Assignment:
The entries below contain pictures. Write out only the lines from the line with "thumbnail image 4" up to and including the line with "Smeg TSF03BLEU Siyah 4 Slot Ekmek Kızartma", exactly, without them.

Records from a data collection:
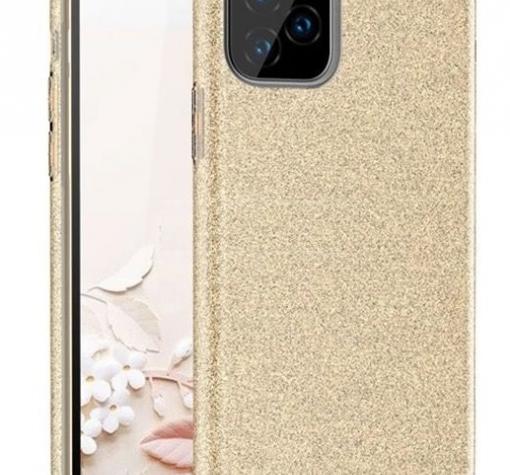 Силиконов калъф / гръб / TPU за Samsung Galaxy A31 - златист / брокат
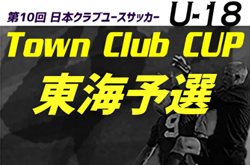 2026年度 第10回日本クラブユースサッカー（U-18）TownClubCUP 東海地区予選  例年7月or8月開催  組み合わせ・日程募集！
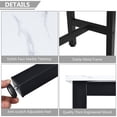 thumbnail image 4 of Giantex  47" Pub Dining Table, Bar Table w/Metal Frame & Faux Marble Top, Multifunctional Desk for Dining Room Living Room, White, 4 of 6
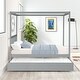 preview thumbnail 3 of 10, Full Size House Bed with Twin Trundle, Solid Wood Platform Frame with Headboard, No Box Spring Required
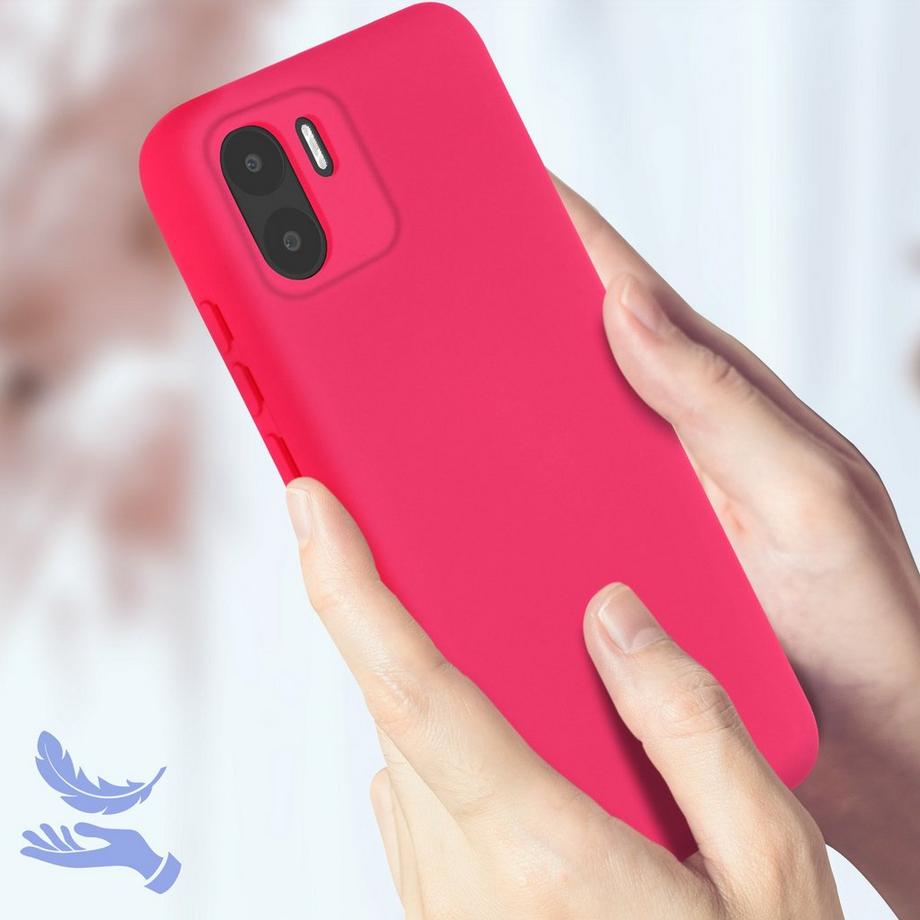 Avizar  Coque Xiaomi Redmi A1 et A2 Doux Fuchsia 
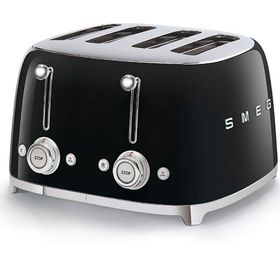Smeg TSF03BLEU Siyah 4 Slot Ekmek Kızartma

* * *

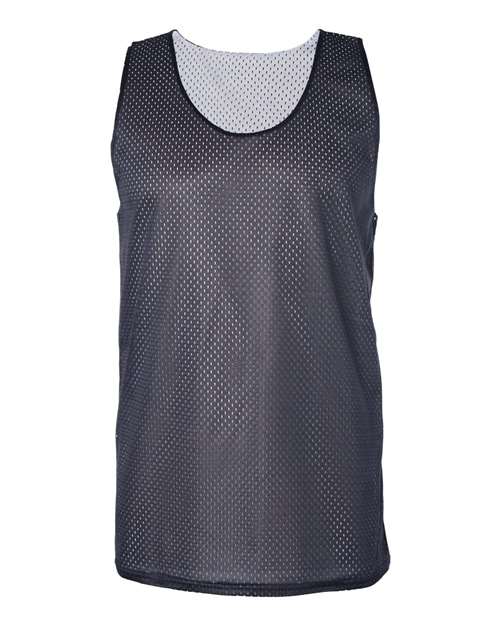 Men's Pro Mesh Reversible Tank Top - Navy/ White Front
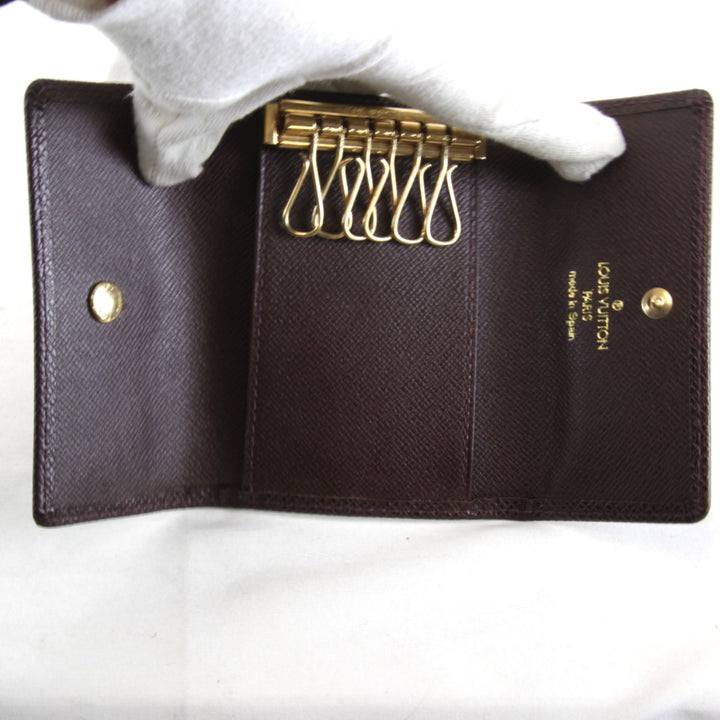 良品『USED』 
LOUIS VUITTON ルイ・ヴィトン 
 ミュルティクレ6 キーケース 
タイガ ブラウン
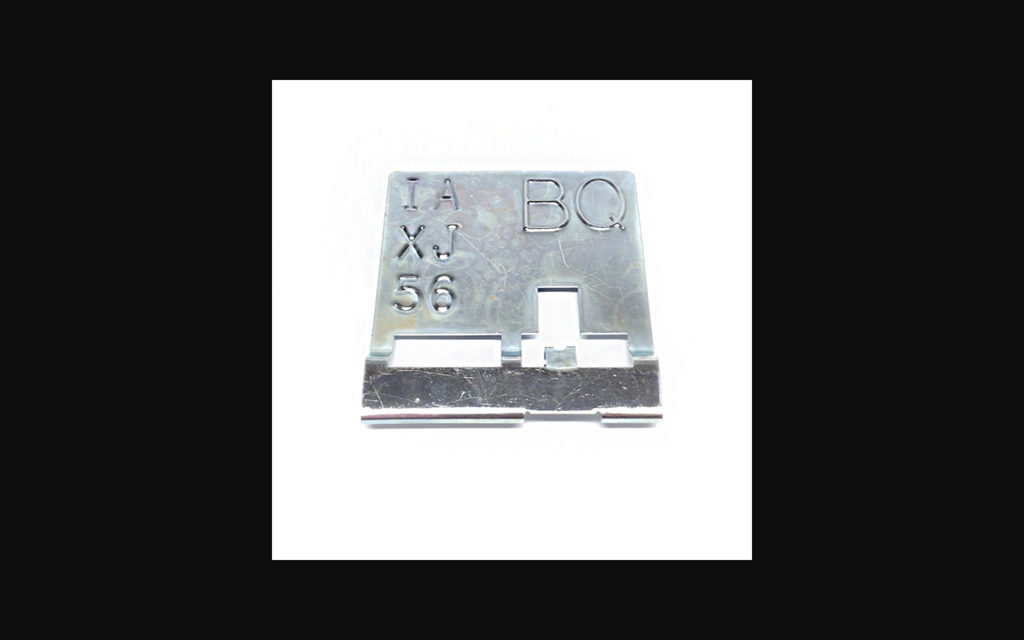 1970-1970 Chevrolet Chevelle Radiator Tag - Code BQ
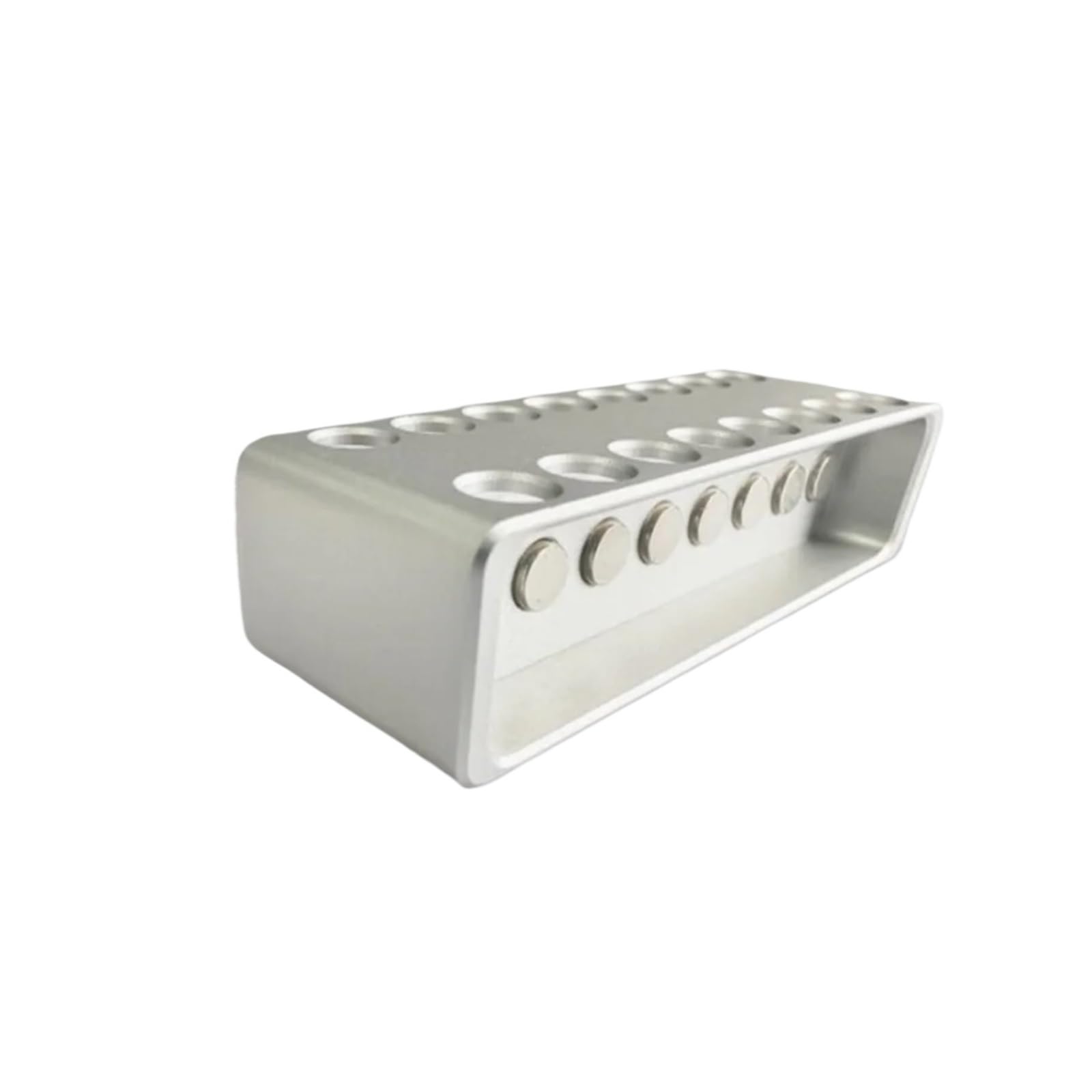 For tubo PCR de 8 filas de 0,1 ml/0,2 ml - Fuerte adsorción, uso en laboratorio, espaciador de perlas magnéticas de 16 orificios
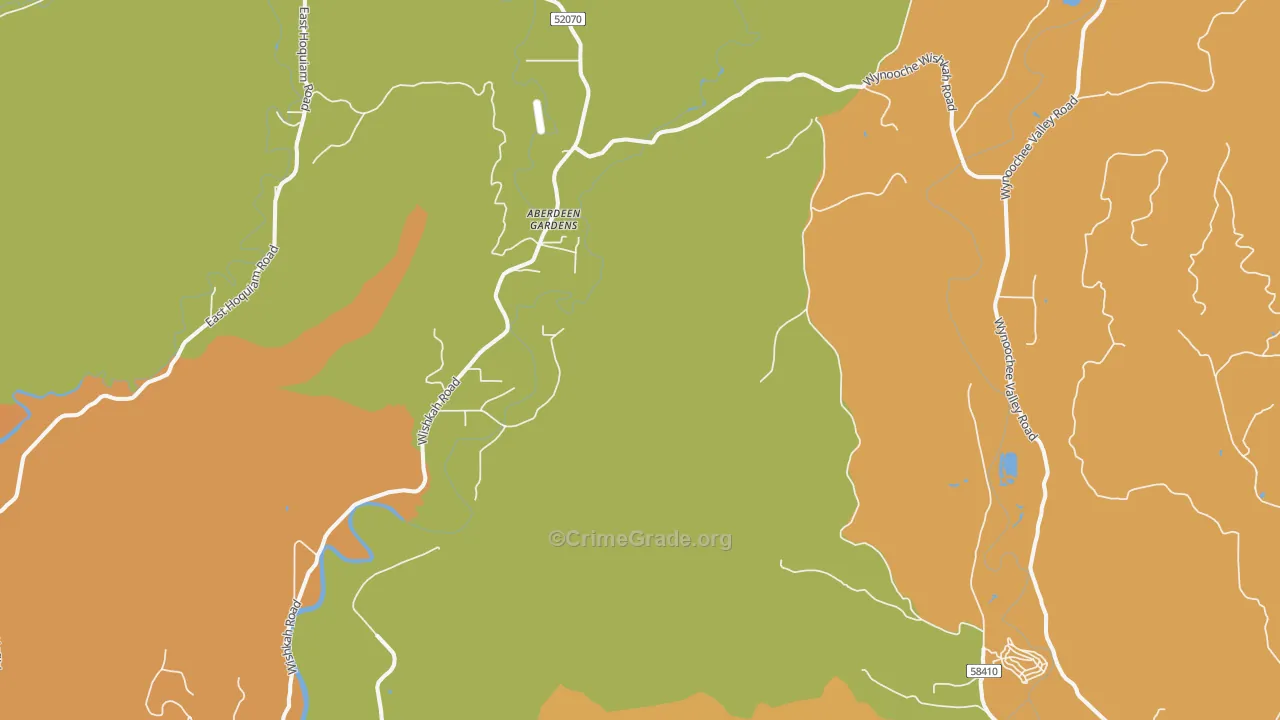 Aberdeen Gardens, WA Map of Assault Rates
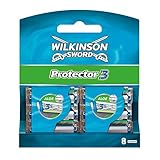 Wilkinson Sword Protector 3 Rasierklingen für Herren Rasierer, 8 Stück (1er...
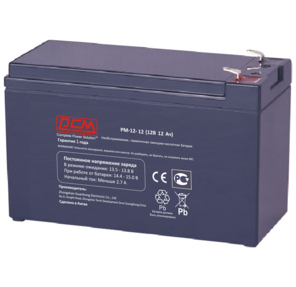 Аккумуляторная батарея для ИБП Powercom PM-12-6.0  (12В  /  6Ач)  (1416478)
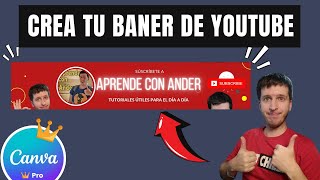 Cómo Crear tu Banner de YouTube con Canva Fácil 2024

Response to the exercise:
 thumbnail image 4 of Giantex  47" Pub Dining Table, Bar Table w/Metal Frame & Faux Marble Top, Multifunctional Desk for Dining Room Living Room, White, 4 of 6
 preview thumbnail 3 of 10, Full Size House Bed with Twin Trundle, Solid Wood Platform Frame with Headboard, No Box Spring Required
 Avizar  Coque Xiaomi Redmi A1 et A2 Doux Fuchsia 
Smeg TSF03BLEU Siyah 4 Slot Ekmek Kızartma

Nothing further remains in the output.